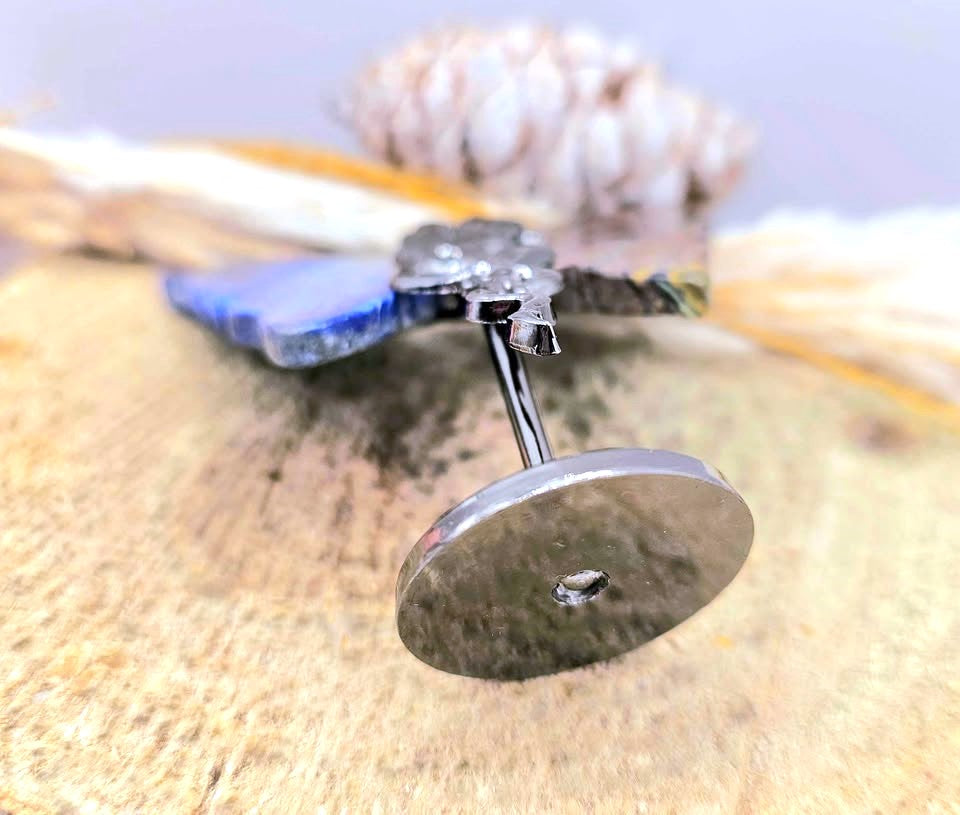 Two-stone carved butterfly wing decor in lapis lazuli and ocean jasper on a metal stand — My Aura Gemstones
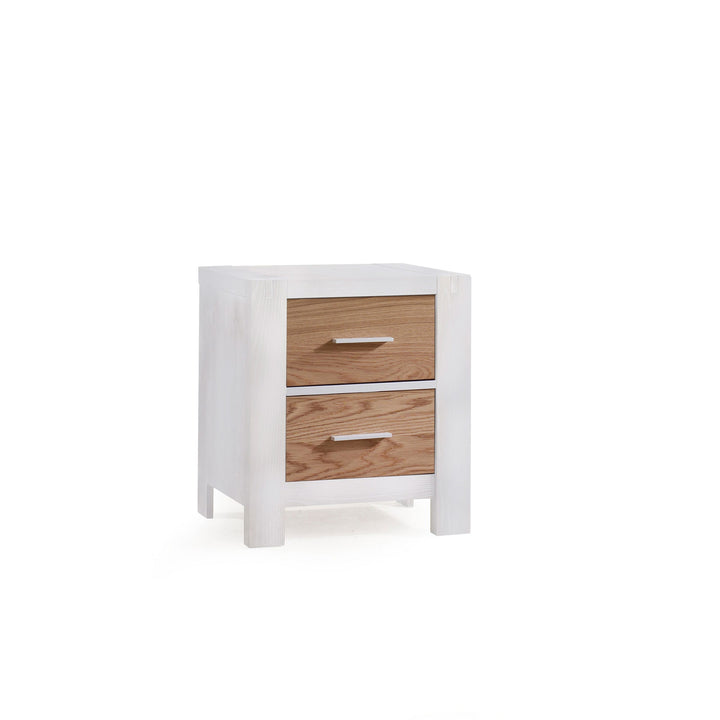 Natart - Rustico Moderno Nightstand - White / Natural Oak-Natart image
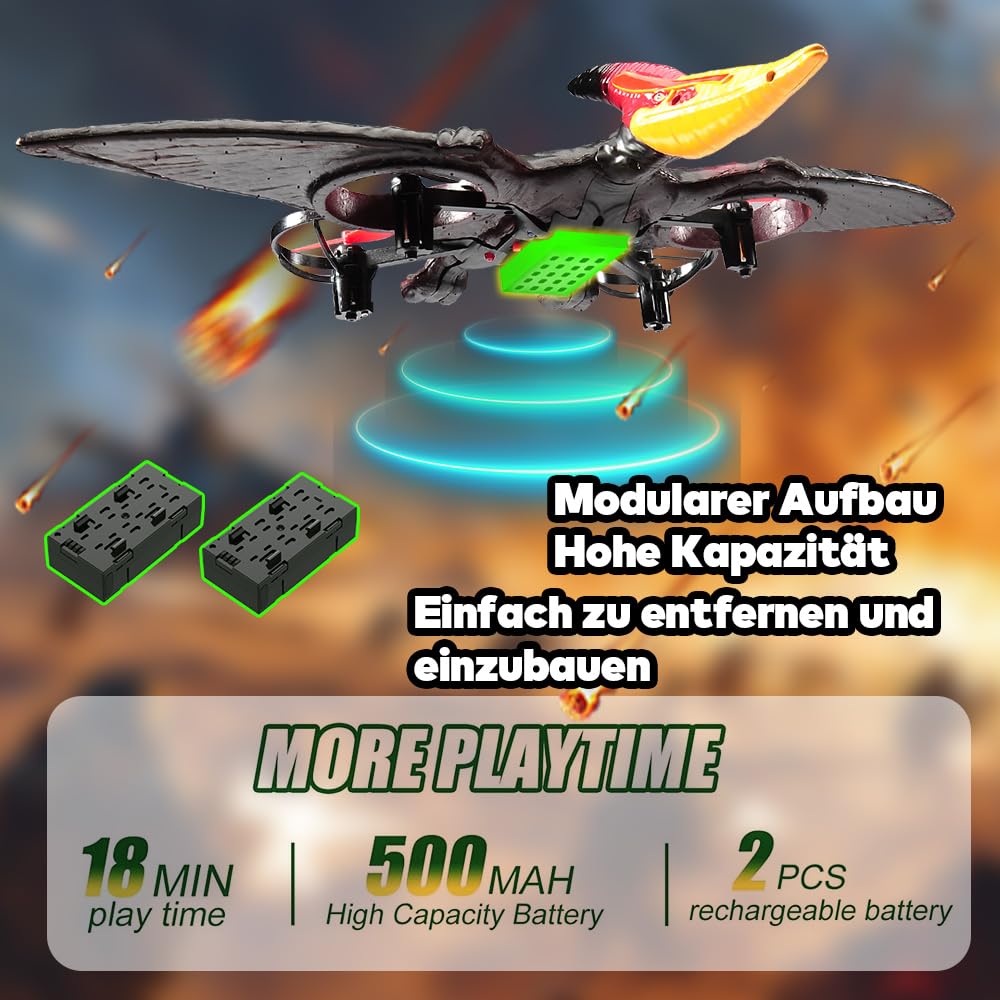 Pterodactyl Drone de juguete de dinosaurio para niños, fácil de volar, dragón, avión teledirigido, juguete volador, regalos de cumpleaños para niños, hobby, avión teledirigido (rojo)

* * * * *

| TASK DIRECTIONS |
Return all the data exactly, and keep the pictures out.

| RESULT |
 Two-stone carved butterfly wing decor in lapis lazuli and ocean jasper on a metal stand — My Aura Gemstones
 Natart - Rustico Moderno Nightstand - White / Natural Oak-Natart image
 Pterodactyl Drone de juguete de dinosaurio para niños, fácil de volar, dragón, avión teledirigido, juguete volador, regalos de cumpleaños para niños, hobby, avión teledirigido (rojo)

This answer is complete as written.